Married or unmarried, young or old, tall or short, women can be guaranteed to be a ‘lesser’ form and to lower the tone. There was a time when (mainly English) upper class men had such prestigious names as Beverley, Francis, Evelyn and Shirley. Yet as soon as these ‘good’ names were chosen by parents for their daughters, they were quickly shunned as ‘bad’ names for their sons.
In my own case, my adventurous mother decided on ‘dale’ as a first name for her unborn child, regardless of sex. In the 1940s it was an uncommon name anyway, and had not really acquired gender connotations, but I have to say that this name – now more often associated with males, has served me well on more than one occasion.
I once flew interstate for a job interview that had been based on a written application (I sent no photo); I knew they were expecting a male when I was the only one left standing in the arrivals hall and had not attracted the attention of the agitated employer.
I got the job. But I bet I wouldn’t have even got the interview if they had known I was a female.
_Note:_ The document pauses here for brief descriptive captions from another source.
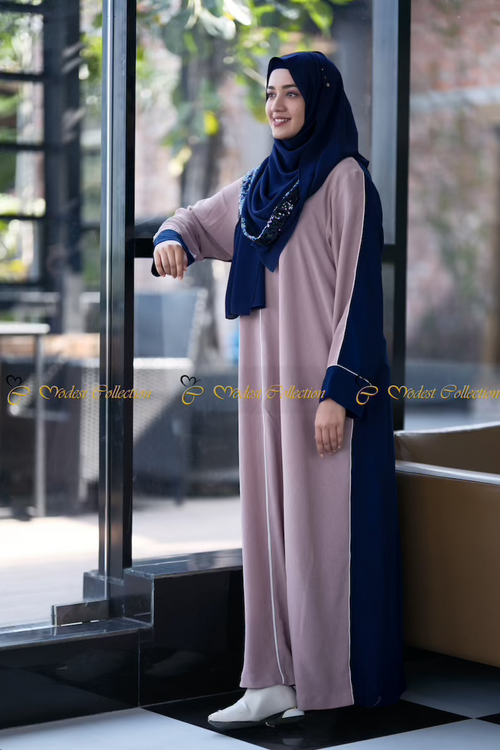 Dual Shade Abaya Umber-Navy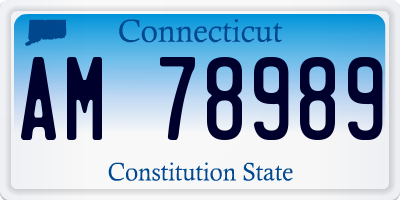 CT license plate AM78989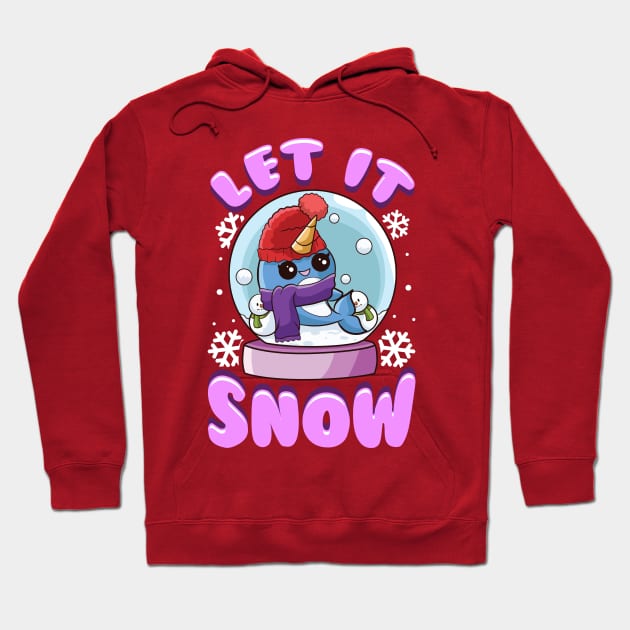 Let It Snow Narwhal Snow Globe Christmas Hoodie by E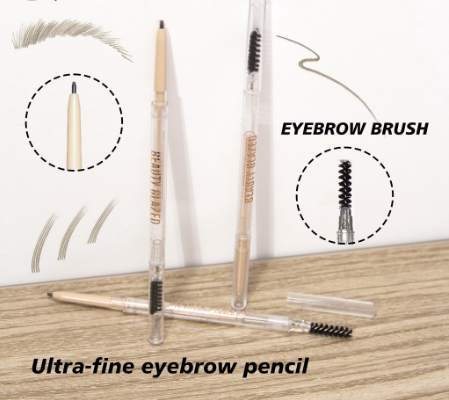 BEAUTY GLAZED Makeup Double Head Eyebrow Waterproof Ultra Slim 1.0mm Soft Eyebrow Pencil Waterproof Fork Tip Eyebrow Pen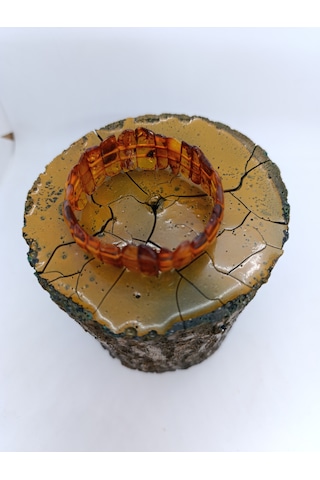 Kehribar Organik Şifa Taşı Taşı Bileklik-1027 Açık Kahverengi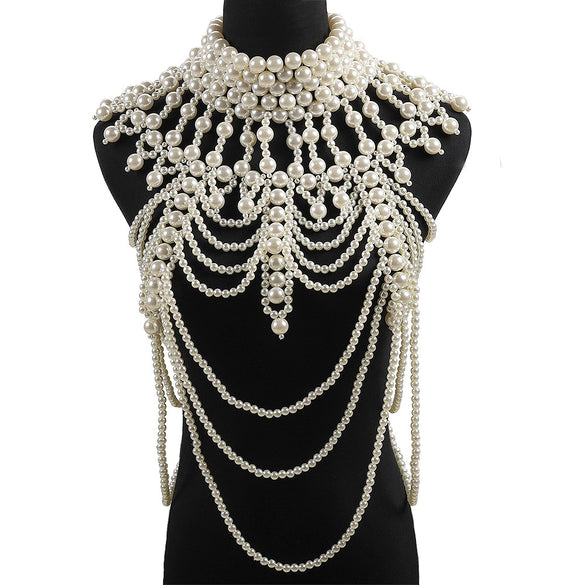 Wholesale Women's Imitation Pearl Water Wave Chain Pure Handmade Creative Necklace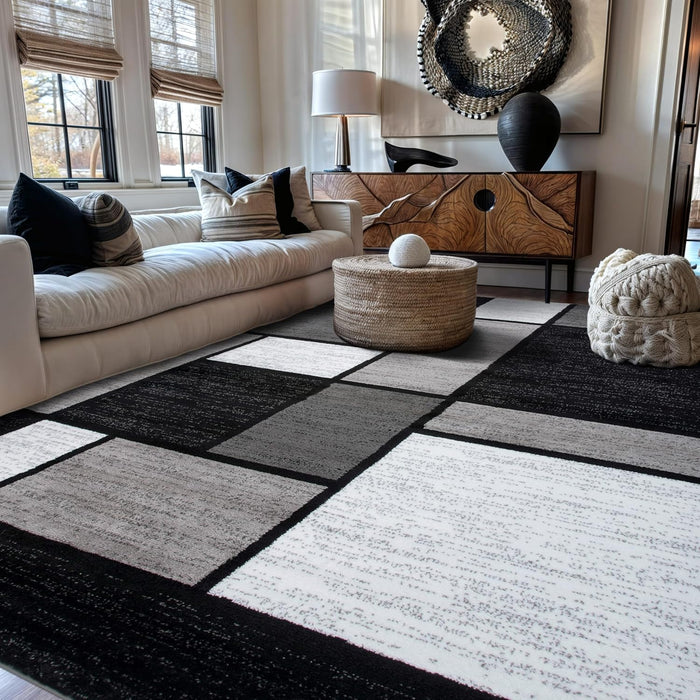 Contemporary Geometric Boxes Area Rug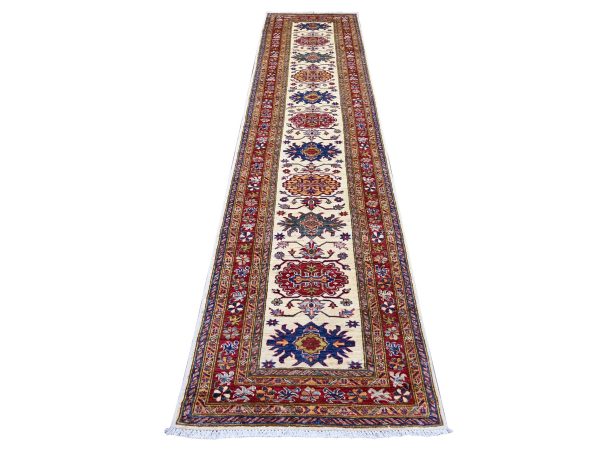 2'8"x12'1" Pearl White, Natural Wool, Hand Knotted, Afghan Super Kazak with Tribal Medallions Design, Vegetable Dyes, Runner, Oriental Rug HR22566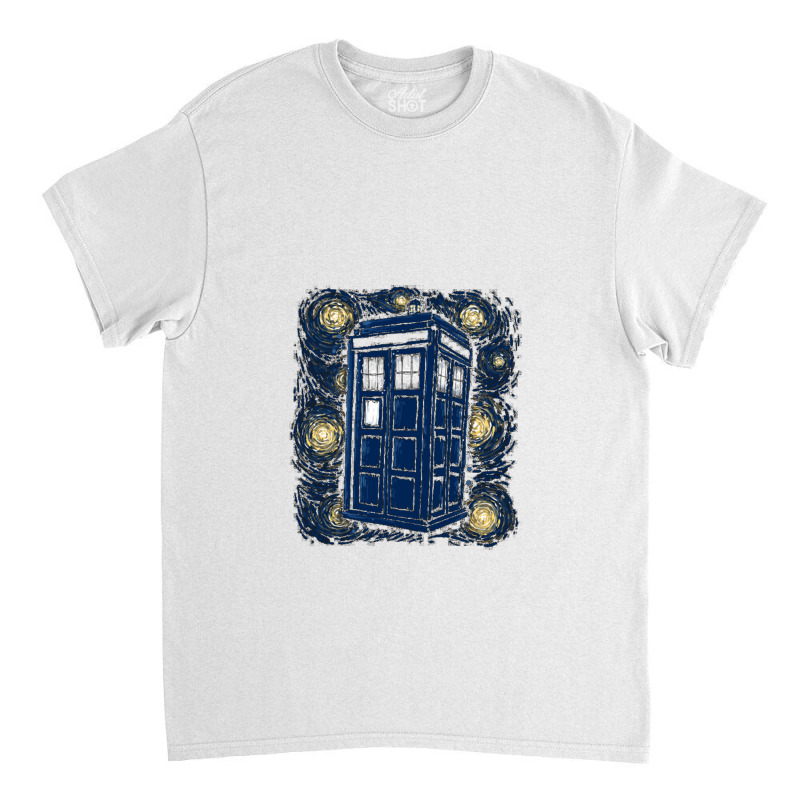 Starry Night Tardis Classic T-shirt by pusyaque-podcast | Artistshot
And I was fortunate in that they had only sufficient funds to pay for one air-fare for one interview. I think they got themselves an excellent candidate – one they would not even had considered had they known I was female.
(My colleagues – all male – welcomed my arrival with the greeting that it would be good to have a ‘girl’ – someone to take the minutes and make the tea! Another classification based on being a service provider for men them rather than being an equal member of a team!)